Honoring our veterans
The USPS has a record of honoring its veterans with commemorative stamps. Latino veterans were honored with a stamp in 1984, and there was also a “Buffalo Soldiers” stamp honoring African Americans. In the 1990s a 50th anniversary World War II veteran stamp was issued although the stamp featured all Caucasian faces except for one African American man.
So why isn’t there a stamp for the JA World War II vets, the Tuskegee Airmen and the Navajo Code Talkers?
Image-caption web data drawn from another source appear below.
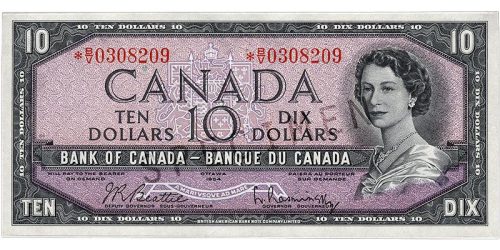 Billet de banque violet, cadre constitué de motifs géométriques, jeune femme aux cheveux bouclés portant un collier de perles : la reine Élisabeth II.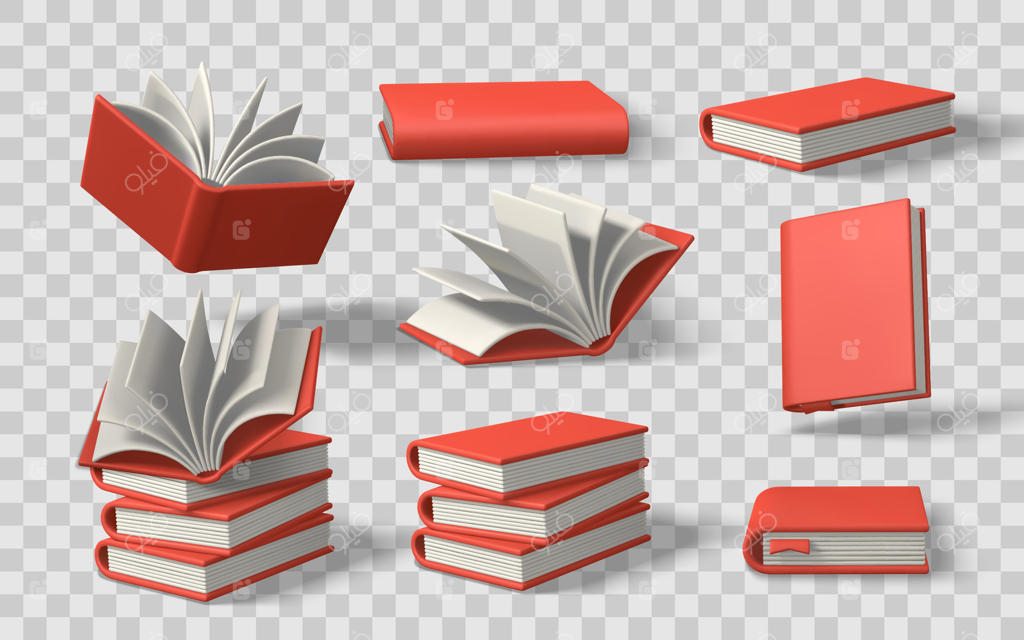 مجموعه‌ای از کتاب‌های قرمز در موقعیت‌های مختلف با صفحات باز و بسته. مناسب برای مفاهیم آموزشی، کتابخانه و مطالعه. تصویرسازی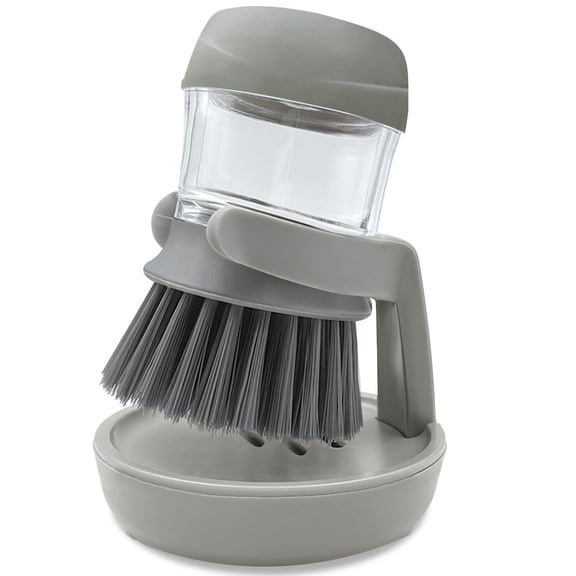 Soap Dispensing Palm Brush, Dish Scrub Brush with Soap Dispenser, Kitchen Cleaning Brush with Storage Bracket & Drainage Base, Dish Scrubber for Pot, Pan, Sink, Grey
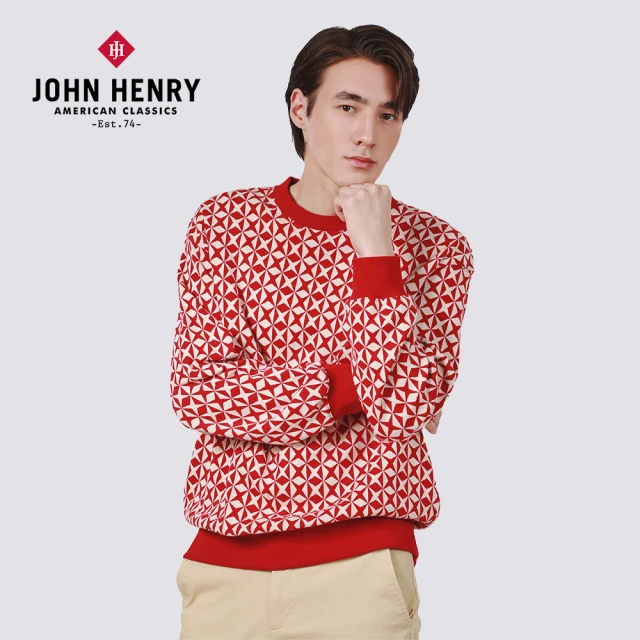 JOHN HENRY 四角星形紅白針織衫-紅色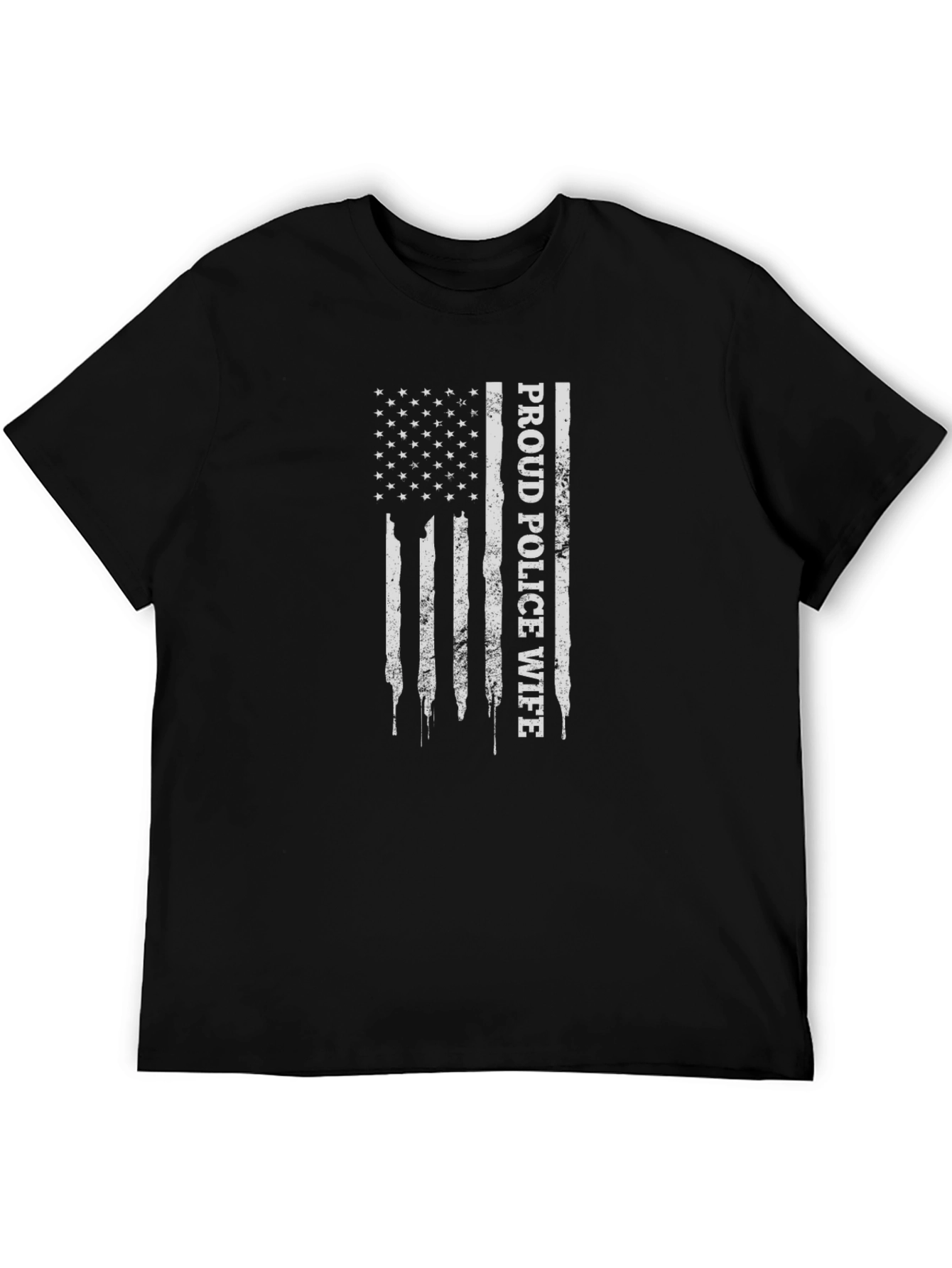 Proud Police Wife Flag Graphic T-Shirt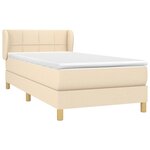 vidaXL Sommier à lattes de lit avec matelas Crème 100x200 cm Tissu
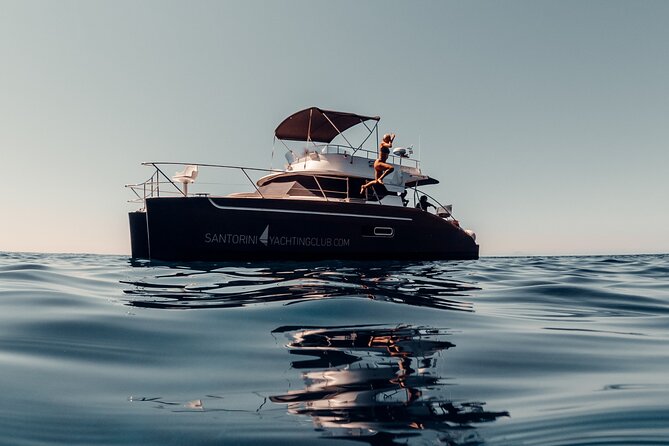 Private Caldera Cruise with Power Catamaran ENJOY incl. Meal & Drinks - From Oia’s old fishing port to the caldera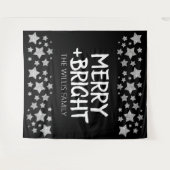Kerst Sparkle Stars Merry Bright Familienaam Wandkleed (Voorkant (horizontaal))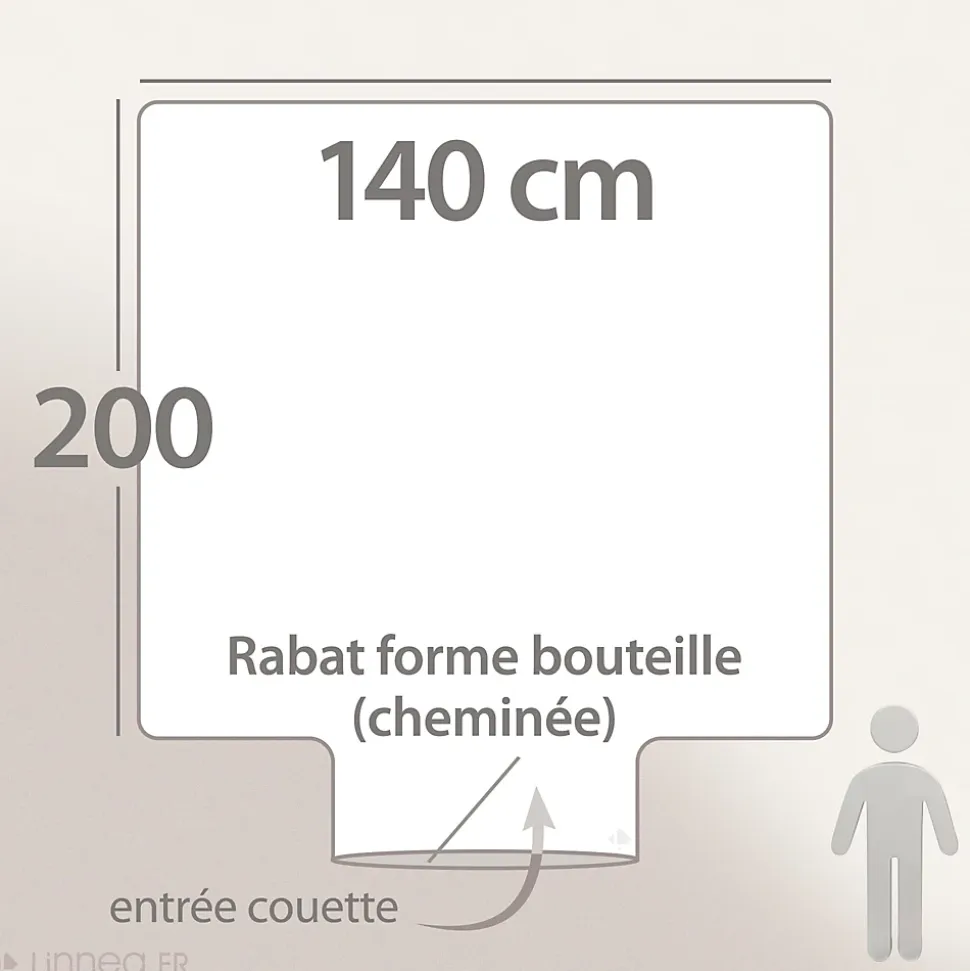 Housse de couette 140x200 cm satin de coton ENZO bleu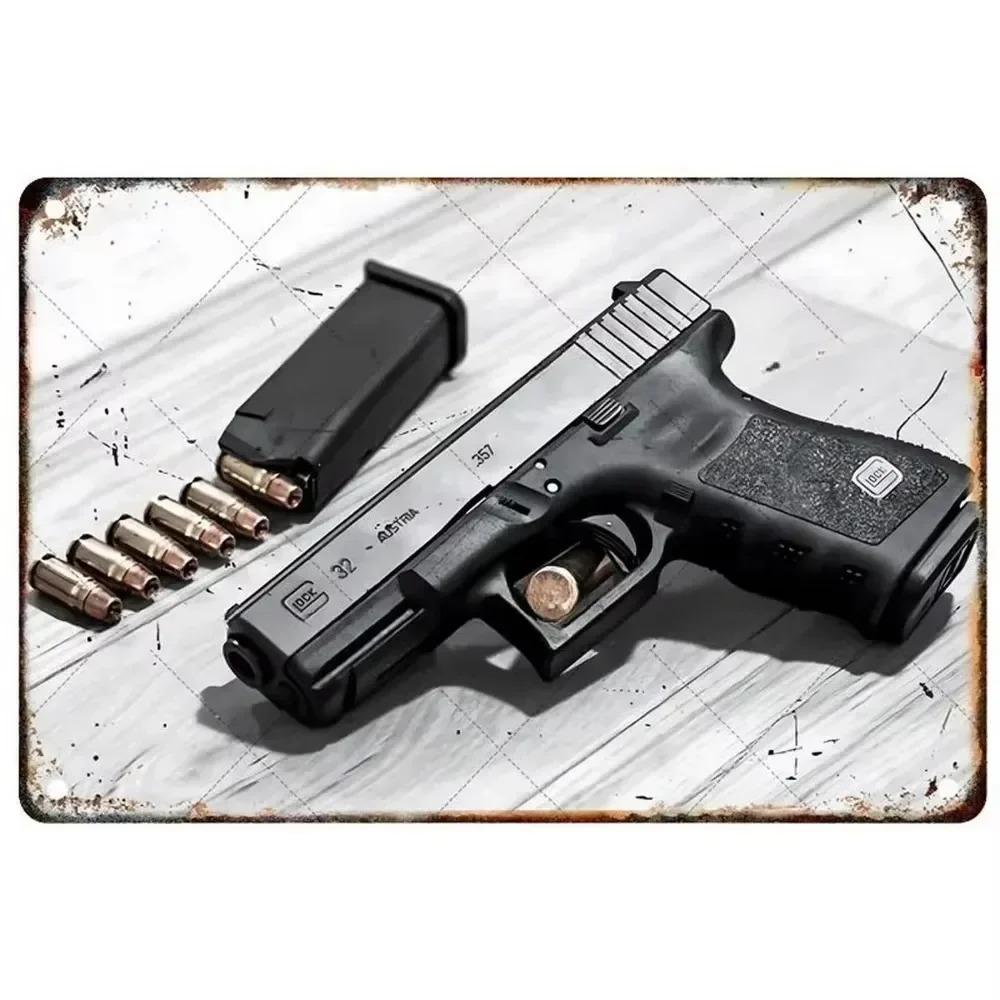 Exquisitely Designed Pistol Metal Signs: Embodying Military Sophistication, These Are the Ideal Wall Decor for Man Caves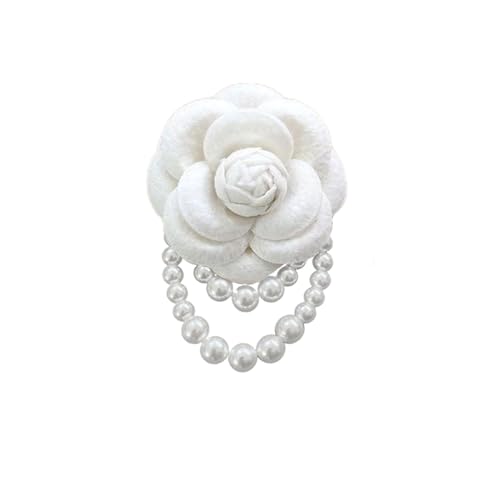 Image of Fabric Camellia Flower Brooch Pins Pearl Tassel Brooches Hair Hairpin Headpieces Shawl Clips Shirt Jacket Wedding Clothes Accessories Jewelry for Women Fashion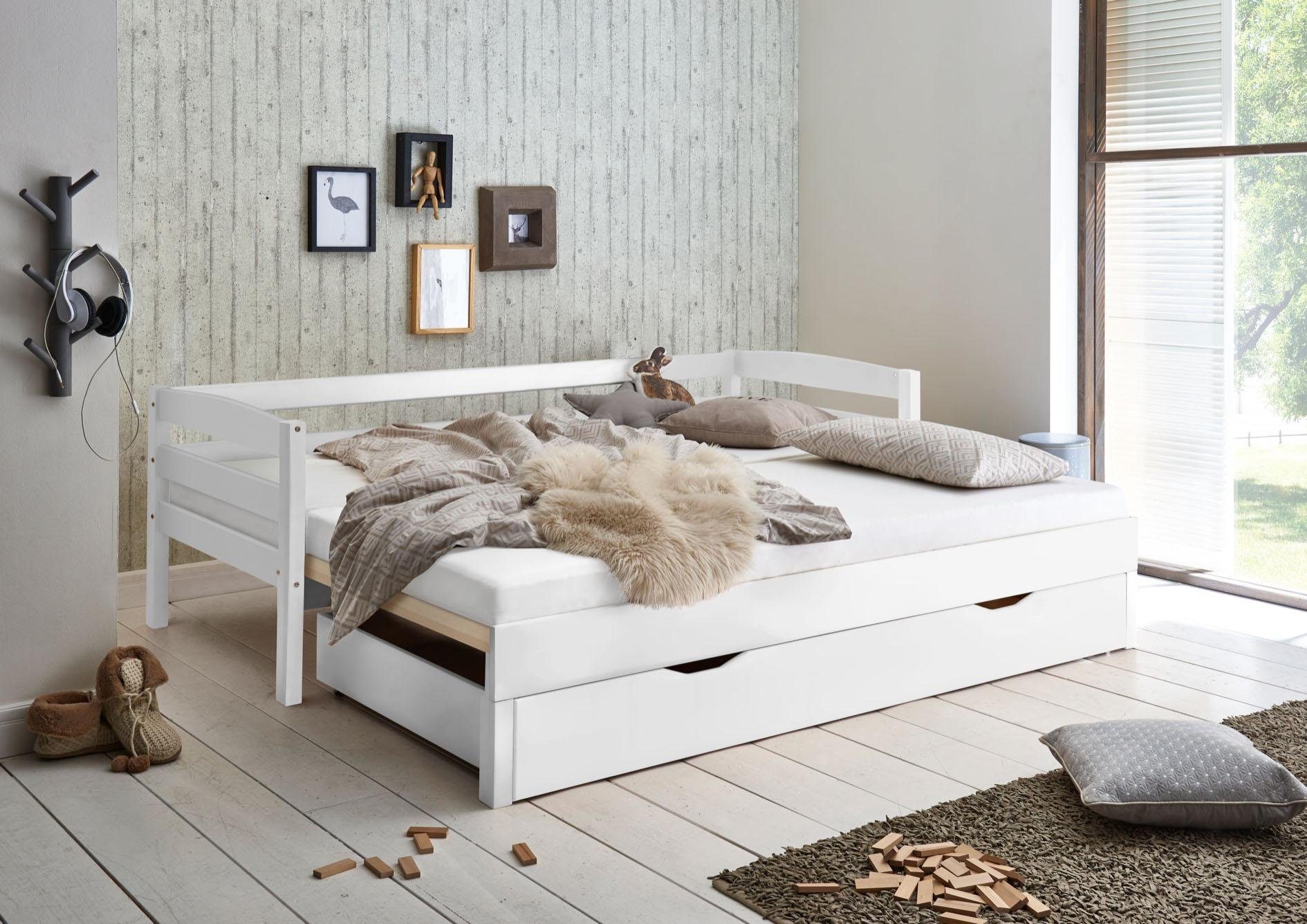 Relita Funktionsbett, mit Lattenrost, Bettschublade Buche weiß massiv auf cm 180x200 Auszug und lackiert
There’s no question the three veterans groups have made their mark on military history. The 442nd and 100th Battalions are the most highly decorated unit for its size and length of service in U.S. military history. The Tuskegee Airmen were the first African American military airmen in history and flew over 200 combat missions without any casualties. And the Navajo Code Talkers used the Najavo language to produce the “unbreakable” code of the Pacific Theater.
Those working on the grassroots stamp campaign believe a series of commemorative stamps for these heroic vets “would be a just way to continue to honor diversity in American military history.”
“They deserve it, for what they did and why they did it,” said Mildred Ikemoto, 77, wife of 442nd veteran Henry Ikemoto. “These veterans need to have the visibility so our young people ... will know they should be proud of them.”
A long-awaited honor
Fusako Takahashi, 79, widow of a MIS veteran, had never felt the true impact of the JA WWII veterans’ story until she read a speech by Eric Saul, a noted historian and scholar.
“I never realized what they went through,” she said. “I feel pretty strongly about it.”
Now she is one of the many veterans’ wives and widows who are collectively pushing for a commemorative stamp for the JA World War vets.
“I think this is really significant. But we can’t do this with just a few people. We need a popular effort,” said Osako, who urged people to sign their petition to support the stamp campaign.
“We have to get the story out,” said Ohira, “before all of our vets are gone.”